There's some - obvious - challenges in getting new users to trust you enough
to send them their database copy. At the same time, people host very sensitive
data at (virtual) budget servers without thinking twice. What do you think?

------
EmielMols
Great feedback here, but also through the on-site chat. Again, the current
version is built with very limited resources mainly to check if/how the idea
would resonate.

\- We will try to add Point-in-time-recovery asap (saving base backups+xlogs).
These would run of the replica, not putting load on your database server. As
koolba correctly points out, this will make it more "backup" than "replica".
Will have to figure out how this fits in the pricing model.

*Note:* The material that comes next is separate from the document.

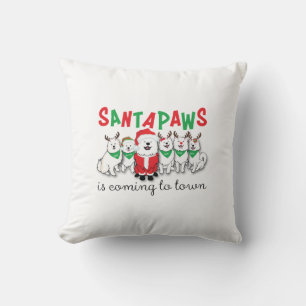 Santapaws is coming to town cushion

\- I would personally love to offer better (guarantees of) encryption of the
backups, ideally encrypt the data pages on the primary server. We would have
to see how this would technically work.

\- First couple of backups are currently replicating :)!!

Thanks, HN!

------
infinite8s
Not sure if the cost of this is worth it. I set up WAL-E
([https://github.com/wal-e/wal-e](https://github.com/wal-e/wal-e)) to do
server-side encrypted backups (it does a daily base backup + continuous WAL
delivery) in about half a day. If you setup lifecycle rules on the S3 bucket
you can have an automatic deletion policy handle cleanup.

------
roshansingh
Do you expect us to open the port on public interface?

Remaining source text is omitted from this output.